Spellings leaves CA behind

While Spellings is out there pushing her image as being 'flexible' and 'listening' to the states, I'm calling her on this bull because I'm wondering if favored treatment for certain states is the trend.

Instead of changing the damn law for all, it's looking more and more as though her tactics may be to divide and conquer the states.

Red states: if you're good, you get special treatment, kisses and all. North Dakota and Utah just scored a coup on teacher qualifications. Utah may be set for even more special hugs from Spellings.

And as for the 'blue' states: the first example is California.

Remember that recently, California is being asked to 'fail' more districts by the feds.

The pending Utah decision prompted LAT to put out this editorial:
Let's Try 'No State Left Behind'

Why can't California get the same deal as Utah regarding the No Child Left Behind Act? As the new U.S. secretary of Education, Margaret Spellings is showing welcome flexibility — but troubling inconsistency — when it comes to enforcing the arcane and sometimes nonsensical regulations covering schools.

Utah wants permission to use its own accountability system rather than the federal one, and its House of Representatives recently passed a bill giving state education rules priority. Spellings has said she's willing to visit Utah and listen, and that's promising talk. Utah does a superior job of tracking achievement, by measuring year-to-year improvement of each student. That's the gold standard for leaving no child behind, not the federal law's convoluted statistical juggling that requires a certain number of students from all sorts of tiny demographic subgroups to meet an imaginary bar called "proficiency."

California gets no such friendly ear when it comes to measuring achievement among the state's school districts. Spellings' office insists that the state add about 300 school districts to the "failing" list because they avoided censure only via a California escape clause: Any district that can improve scores among low-income students by a certain amount is safe, no matter how its other students fared. Individual schools have no such flexibility; this is extended to districts only.

State officials are concerned about putting outstanding school systems in danger of being dismantled — which can happen under the federal law after a few failing years — simply because a handful of students in a couple of schools don't meet their testing goals.

This has been a pressing issue, especially among special-education students who, in one of the law's more inane provisions, must make the same progress toward proficiency as everyone else. In addition, close to half of the "failing" California schools fell short not because their students tested badly but because not enough students in every demographic subgroup took the test.

Though the state is right to seek a way around these strictures, its escape clause could serve a less-innocent purpose. A school district could fail most of its students miserably but avoid trouble by getting one group, the low-income students, to improve. Federal officials are right to find this unacceptable.
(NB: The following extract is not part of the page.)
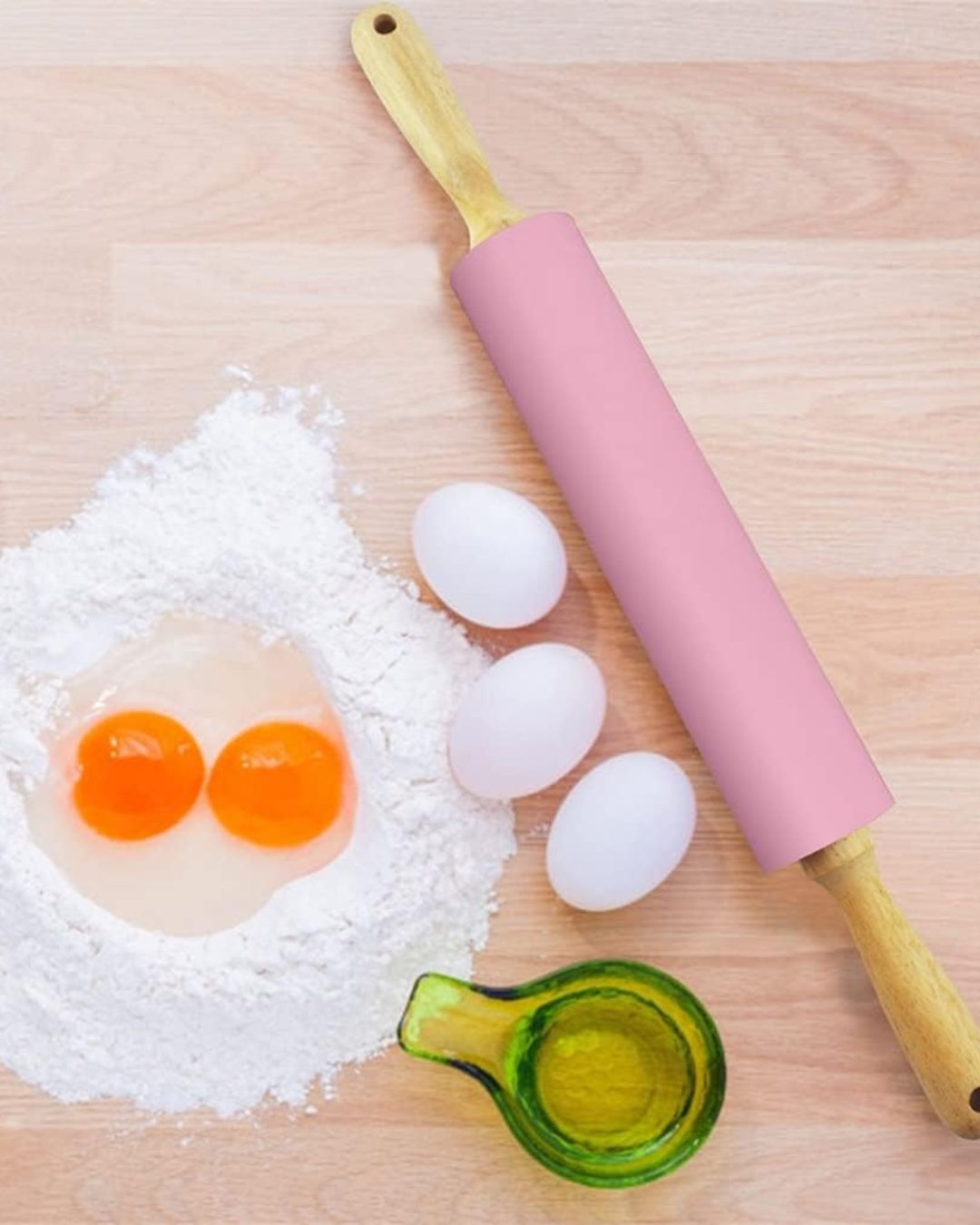 Silicone Rolling Pin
In considering California's situation, Spellings should keep in mind that this state has set high testing standards, unlike many others. It's not trying to get out of working for achievement by all students, and in fact has a better accountability system than the federal law provides. The state shouldn't be allowed to game the law, but it does need someone to listen to what the problem is here. Spellings can be that person, if she chooses.
And if I'm wrong on this, count me as very happy to be wrong.